The graph has now been transformed from a collection of modules much
like how your PyTorch Modules are collections of modules, each managing
their own parameters into a single graph with the parameters inlined
into the graph and all of the operations laid out. Torch-TensorRT has
also executed a number of optimizations and mappings to make the graph
easier to translate to TensorRT. From here the compiler can assemble the
TensorRT engine by following the dataflow through the graph.

When the graph construction phase is complete, Torch-TensorRT produces a
serialized TensorRT engine. From here depending on the API, this engine
is returned to the user or moves into the graph construction phase. Here
Torch-TensorRT creates a JIT Module to execute the TensorRT engine which
will be instantiated and managed by the Torch-TensorRT runtime.

Here is the graph that you get back after compilation is complete:

.. code-block::

   graph(%self.1 : __torch__.___torch_mangle_10.LeNet_trt,
       %2 : Tensor):
       %1 : int = prim::Constant[value=94106001690080]()
       %3 : Tensor = trt::execute_engine(%1, %2)
       return (%3)
   (AddEngineToGraph)

You can see the call where the engine is executed, based on a constant
which is the ID of the engine, telling JIT how to find the engine and
the input tensor which will be fed to TensorRT. The engine represents
the exact same calculations as what is done by running a normal PyTorch
module but optimized to run on your GPU.

Torch-TensorRT converts from TorchScript by generating layers or
subgraphs in correspondance with instructions seen in the graph.
Converters are small modules of code used to map one specific operation
to a layer or subgraph in TensorRT. Not all operations are support, but
if you need to implement one, you can in C++.

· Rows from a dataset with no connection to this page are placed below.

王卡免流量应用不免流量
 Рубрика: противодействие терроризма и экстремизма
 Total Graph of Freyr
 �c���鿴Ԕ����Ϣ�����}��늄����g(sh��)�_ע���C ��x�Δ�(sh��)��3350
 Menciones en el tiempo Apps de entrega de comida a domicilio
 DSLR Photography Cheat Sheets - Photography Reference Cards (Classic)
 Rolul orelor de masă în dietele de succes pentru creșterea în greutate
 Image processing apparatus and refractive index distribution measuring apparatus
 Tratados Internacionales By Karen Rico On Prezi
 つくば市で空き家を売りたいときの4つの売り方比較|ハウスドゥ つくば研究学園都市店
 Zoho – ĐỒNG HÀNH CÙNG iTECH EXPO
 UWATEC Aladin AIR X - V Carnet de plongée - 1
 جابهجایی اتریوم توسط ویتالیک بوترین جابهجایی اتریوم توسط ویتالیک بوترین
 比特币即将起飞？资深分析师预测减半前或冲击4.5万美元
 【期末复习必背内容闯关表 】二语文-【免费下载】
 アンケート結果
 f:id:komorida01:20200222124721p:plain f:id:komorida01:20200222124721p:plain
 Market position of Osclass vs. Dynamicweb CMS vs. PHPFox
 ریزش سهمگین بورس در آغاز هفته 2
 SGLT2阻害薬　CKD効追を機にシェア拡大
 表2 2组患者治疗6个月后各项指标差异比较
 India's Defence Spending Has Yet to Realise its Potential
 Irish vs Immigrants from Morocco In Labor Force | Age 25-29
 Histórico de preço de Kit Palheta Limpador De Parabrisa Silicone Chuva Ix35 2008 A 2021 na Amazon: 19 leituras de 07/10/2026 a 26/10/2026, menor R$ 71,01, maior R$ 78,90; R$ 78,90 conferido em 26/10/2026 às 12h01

Registering Custom Converters
-----------------------------

Operations are mapped to TensorRT through the use of modular converters,
a function that takes a node from a the JIT graph and produces an
equivalent layer or subgraph in TensorRT. Torch-TensorRT ships with a
library of these converters stored in a registry, that will be executed
depending on the node being parsed. For instance a
``aten::relu(%input0.4)`` instruction will trigger the relu converter to
be run on it, producing an activation layer in the TensorRT graph. But
since this library is not exhaustive you may need to write your own to
get Torch-TensorRT to support your module.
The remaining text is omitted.